# Darth Vader smoking...



## E Burna (Dec 15, 2015)

I am a new poster here... 1st post. Been painting as a hobby sporadically for a few years. Sometimes it comes sometimes it goes lol. This is one I just finished. No art school or anything like that (suprised? lol) just enjoy it as a hobby. I'm open to critique here.

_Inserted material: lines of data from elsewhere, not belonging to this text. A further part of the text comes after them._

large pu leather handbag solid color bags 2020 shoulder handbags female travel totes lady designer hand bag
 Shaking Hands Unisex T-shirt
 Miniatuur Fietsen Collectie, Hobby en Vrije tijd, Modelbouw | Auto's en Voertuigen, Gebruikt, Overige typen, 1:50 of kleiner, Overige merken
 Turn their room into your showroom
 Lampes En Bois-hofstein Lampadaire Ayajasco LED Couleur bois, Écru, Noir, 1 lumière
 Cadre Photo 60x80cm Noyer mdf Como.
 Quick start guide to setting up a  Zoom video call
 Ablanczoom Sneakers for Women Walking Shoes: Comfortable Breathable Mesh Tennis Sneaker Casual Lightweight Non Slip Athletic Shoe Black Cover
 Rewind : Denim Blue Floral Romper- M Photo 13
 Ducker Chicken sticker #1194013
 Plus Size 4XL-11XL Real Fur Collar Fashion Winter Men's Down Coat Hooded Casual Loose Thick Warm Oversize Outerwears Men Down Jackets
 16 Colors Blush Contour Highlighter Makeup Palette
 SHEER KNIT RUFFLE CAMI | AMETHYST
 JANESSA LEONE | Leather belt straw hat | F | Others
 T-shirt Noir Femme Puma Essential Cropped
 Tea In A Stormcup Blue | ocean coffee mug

Let me know what you guys think (please)


----------



## Lucy (Sep 25, 2015)

Great painting!
As from my side, the arm and the hand are too small.

Lucy


----------



## TerryCurley (Jan 4, 2015)

Welcome to the forum. 

It's a good painting.


----------



## Susan Mulno (Apr 13, 2015)

Hi:vs_wave: Welcome to the forum! 

Darth Vader smoked!?!? :eek2: That explains a lot! :biggrin:


----------



## FanKi (Apr 23, 2015)

Hi Hi and welcome!

Love the pic >.< 
I also think his arm and hand may be a little small, and the steam doesn't seems to came out of his mouth (but maybe this is because of the whole mask he wears xD)


Great job!


----------



## dickhutchings (Oct 6, 2015)

It's a funny painting. Cracked me up. I've only seen it on my cell phone but the background and smoke look very good.


----------